Notable releases Edit

MGM has released such Academy Award-winning films as Mutiny on the Bounty (1935), Gone With the Wind (1939), An American in Paris (1951), Ben-Hur (1959), and Rain Man (1988). Other films for which they are responsible include The Wizard of Oz (1939), Singin' in the Rain (1952), William Shatner's first American film, The Brothers Karamazov (1958), North by Northwest (1959), How the West Was Won (1962), Ryan's Daughter (1970), Network (1978), A Christmas Story (1983), A Fish Called Wanda (1988), Thelma & Louise (1991), and such science fiction classics as Forbidden Planet (1956), 2001: A Space Odyssey (1968), Soylent Green (1973), and Logan's Run (1976). In 1986, MGM released the popular science fiction parody Spaceballs.

Perhaps MGM's most lucrative films are those in the James Bond franchise. The Bond films were initially produced by United Artists, a film studio now owned by MGM, who have released the Bond films since purchasing United Artists in the 1980s.
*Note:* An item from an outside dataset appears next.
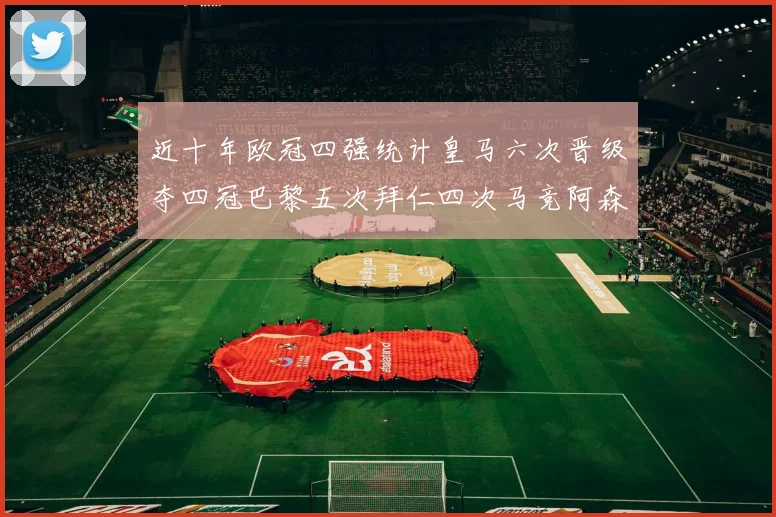 近十年欧冠四强统计皇马六次晋级夺四冠巴黎五次拜仁四次马竞阿森纳各两次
Through this "absorption", MGM also acquired video distribution rights for the first two Rocky films (MGM themselves released the following Rocky movies), as well as such classics as Rebecca (1940), Marty (1955), The Magnificent Seven (1960), Judgment at Nuremberg (1961, featuring William Shatner), the Robert Wise-directed West Side Story (1961), In the Heat of the Night (1967), and Annie Hall (1977).

In addition to their feature films, MGM produced the classic Tom & Jerry cartoons and such television programs as The Man from U.N.C.L.E. and Green Acres. The also produced TV shows based on their films, including series for The Thin Man and The Courtship of Eddie's Father. In 1994, they released the science fiction film Stargate, which became the basis for the popular Sci-Fi Channel series Stargate SG-1 and Stargate: Atlantis.